In the entries below, find the line with "benefit is then shared" and the line with "conversion cycle from"; give again those lines and every line between them, exactly.

_AVAILABLE DATA_.

·····

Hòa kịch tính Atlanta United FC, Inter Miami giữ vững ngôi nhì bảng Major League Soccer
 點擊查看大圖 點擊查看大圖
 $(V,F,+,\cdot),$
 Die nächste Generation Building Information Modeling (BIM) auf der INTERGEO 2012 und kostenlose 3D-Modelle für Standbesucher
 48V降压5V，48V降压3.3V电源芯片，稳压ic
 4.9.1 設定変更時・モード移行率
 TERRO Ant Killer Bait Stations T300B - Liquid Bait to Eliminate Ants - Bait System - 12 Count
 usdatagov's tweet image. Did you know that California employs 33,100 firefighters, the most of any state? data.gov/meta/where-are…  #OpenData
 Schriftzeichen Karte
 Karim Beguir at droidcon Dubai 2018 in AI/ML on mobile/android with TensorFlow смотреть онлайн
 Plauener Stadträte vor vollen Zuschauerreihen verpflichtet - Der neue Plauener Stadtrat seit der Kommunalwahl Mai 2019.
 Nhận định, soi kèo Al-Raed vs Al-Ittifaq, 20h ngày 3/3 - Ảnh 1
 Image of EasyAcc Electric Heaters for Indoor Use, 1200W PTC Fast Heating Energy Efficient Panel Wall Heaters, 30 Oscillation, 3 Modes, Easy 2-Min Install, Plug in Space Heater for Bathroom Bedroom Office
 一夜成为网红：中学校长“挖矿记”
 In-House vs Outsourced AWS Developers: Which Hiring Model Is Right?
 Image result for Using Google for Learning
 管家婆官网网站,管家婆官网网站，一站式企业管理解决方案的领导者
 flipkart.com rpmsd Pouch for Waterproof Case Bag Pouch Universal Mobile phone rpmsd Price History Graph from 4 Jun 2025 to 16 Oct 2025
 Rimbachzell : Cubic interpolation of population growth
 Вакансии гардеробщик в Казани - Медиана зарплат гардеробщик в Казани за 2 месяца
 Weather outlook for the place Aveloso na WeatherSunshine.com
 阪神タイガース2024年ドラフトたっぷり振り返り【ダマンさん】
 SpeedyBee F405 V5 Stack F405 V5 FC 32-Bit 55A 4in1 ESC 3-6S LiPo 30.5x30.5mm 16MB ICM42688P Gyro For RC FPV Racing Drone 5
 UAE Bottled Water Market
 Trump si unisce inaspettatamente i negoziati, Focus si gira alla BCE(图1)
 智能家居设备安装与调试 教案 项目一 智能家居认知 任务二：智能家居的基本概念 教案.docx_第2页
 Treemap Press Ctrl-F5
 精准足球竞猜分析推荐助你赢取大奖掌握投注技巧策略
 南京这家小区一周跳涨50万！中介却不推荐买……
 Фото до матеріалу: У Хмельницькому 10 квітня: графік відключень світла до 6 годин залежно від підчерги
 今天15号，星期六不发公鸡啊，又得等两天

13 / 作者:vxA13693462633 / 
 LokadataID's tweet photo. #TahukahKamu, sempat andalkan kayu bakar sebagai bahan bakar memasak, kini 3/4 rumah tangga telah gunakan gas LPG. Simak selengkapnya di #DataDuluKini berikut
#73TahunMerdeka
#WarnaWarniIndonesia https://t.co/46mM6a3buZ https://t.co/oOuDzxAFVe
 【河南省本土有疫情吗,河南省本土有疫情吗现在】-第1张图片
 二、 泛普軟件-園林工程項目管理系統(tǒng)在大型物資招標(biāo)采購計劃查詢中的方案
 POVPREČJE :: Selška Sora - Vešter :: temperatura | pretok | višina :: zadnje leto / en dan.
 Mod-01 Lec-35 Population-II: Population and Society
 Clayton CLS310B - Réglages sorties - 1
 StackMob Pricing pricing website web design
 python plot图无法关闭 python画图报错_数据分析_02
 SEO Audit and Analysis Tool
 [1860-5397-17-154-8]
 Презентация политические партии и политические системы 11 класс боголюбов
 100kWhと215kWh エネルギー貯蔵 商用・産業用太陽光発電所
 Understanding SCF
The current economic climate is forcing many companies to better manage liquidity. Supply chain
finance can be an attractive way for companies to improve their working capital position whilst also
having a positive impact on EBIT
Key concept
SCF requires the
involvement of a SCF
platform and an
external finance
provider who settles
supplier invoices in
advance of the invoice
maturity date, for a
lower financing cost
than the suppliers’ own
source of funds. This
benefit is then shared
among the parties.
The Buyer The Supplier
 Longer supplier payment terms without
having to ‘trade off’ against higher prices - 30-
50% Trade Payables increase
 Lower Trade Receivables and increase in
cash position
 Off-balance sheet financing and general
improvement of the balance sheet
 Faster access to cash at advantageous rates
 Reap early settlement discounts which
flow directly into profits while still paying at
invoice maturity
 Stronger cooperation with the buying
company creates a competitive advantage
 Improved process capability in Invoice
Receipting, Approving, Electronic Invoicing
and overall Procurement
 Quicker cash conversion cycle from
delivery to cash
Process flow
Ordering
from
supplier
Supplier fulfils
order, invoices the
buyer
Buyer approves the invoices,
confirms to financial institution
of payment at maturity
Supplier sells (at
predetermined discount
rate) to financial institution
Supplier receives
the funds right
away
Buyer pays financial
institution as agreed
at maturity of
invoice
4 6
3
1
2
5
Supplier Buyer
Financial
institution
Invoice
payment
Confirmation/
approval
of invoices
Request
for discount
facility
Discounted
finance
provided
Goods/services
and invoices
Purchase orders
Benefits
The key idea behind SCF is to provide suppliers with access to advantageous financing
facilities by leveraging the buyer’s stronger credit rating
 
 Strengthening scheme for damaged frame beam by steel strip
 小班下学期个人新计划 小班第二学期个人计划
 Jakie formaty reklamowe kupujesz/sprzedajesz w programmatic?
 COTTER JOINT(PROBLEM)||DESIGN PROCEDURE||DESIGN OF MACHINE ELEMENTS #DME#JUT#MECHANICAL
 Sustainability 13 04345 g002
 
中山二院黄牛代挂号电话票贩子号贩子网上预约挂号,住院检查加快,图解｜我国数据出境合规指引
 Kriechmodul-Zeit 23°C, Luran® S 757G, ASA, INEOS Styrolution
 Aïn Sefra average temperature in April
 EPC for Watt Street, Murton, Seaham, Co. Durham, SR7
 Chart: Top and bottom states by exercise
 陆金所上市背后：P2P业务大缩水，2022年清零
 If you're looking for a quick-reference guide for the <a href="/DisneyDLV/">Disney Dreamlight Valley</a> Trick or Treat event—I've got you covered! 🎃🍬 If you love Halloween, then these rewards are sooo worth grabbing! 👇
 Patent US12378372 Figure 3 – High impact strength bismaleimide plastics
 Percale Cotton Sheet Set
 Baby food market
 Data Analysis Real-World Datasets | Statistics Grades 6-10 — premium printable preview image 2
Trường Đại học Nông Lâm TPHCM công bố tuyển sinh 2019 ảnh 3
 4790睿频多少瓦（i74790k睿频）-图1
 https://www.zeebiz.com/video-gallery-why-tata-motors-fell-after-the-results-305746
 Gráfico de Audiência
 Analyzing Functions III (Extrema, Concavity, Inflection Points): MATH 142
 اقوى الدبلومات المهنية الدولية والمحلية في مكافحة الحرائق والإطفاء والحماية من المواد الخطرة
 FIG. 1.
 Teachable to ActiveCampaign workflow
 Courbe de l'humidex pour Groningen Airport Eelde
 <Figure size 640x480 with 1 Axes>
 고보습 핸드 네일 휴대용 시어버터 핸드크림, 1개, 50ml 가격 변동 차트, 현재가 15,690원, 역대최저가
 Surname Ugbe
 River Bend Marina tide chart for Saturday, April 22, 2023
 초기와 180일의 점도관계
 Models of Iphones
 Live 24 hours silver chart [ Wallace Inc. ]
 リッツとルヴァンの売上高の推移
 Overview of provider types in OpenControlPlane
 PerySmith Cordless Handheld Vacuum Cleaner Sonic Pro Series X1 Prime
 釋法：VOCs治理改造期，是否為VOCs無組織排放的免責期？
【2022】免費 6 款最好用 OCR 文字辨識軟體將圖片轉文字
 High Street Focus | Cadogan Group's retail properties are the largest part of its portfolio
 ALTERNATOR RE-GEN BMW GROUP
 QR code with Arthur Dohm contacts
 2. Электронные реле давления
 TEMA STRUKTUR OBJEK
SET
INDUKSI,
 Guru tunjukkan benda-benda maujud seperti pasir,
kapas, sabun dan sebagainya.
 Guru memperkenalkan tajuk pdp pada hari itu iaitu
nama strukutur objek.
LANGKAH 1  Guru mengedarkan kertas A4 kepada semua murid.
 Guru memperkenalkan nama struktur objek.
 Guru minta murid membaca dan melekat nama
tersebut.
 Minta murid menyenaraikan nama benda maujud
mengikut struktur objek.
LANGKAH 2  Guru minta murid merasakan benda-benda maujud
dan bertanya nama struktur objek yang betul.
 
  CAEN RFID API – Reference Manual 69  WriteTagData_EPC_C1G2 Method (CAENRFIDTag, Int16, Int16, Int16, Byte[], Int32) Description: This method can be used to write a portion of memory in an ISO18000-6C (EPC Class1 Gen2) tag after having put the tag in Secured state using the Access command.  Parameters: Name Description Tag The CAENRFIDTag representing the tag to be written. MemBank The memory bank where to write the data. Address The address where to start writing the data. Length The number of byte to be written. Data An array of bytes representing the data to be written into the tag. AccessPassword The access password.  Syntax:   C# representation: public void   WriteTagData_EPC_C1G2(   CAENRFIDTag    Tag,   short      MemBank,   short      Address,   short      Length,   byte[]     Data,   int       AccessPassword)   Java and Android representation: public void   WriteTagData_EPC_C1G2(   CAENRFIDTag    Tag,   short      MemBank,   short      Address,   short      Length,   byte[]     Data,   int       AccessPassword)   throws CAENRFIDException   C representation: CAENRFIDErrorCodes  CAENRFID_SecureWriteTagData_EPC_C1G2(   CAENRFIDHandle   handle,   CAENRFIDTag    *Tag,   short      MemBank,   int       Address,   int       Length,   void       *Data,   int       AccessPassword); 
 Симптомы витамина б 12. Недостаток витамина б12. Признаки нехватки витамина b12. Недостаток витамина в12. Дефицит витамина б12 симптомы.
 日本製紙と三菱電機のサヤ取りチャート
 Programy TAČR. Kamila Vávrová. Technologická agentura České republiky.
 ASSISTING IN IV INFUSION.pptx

·····

_TASK ANSWER_.
benefit is then shared
among the parties.
The Buyer The Supplier
 Longer supplier payment terms without
having to ‘trade off’ against higher prices - 30-
50% Trade Payables increase
 Lower Trade Receivables and increase in
cash position
 Off-balance sheet financing and general
improvement of the balance sheet
 Faster access to cash at advantageous rates
 Reap early settlement discounts which
flow directly into profits while still paying at
invoice maturity
 Stronger cooperation with the buying
company creates a competitive advantage
 Improved process capability in Invoice
Receipting, Approving, Electronic Invoicing
and overall Procurement
 Quicker cash conversion cycle from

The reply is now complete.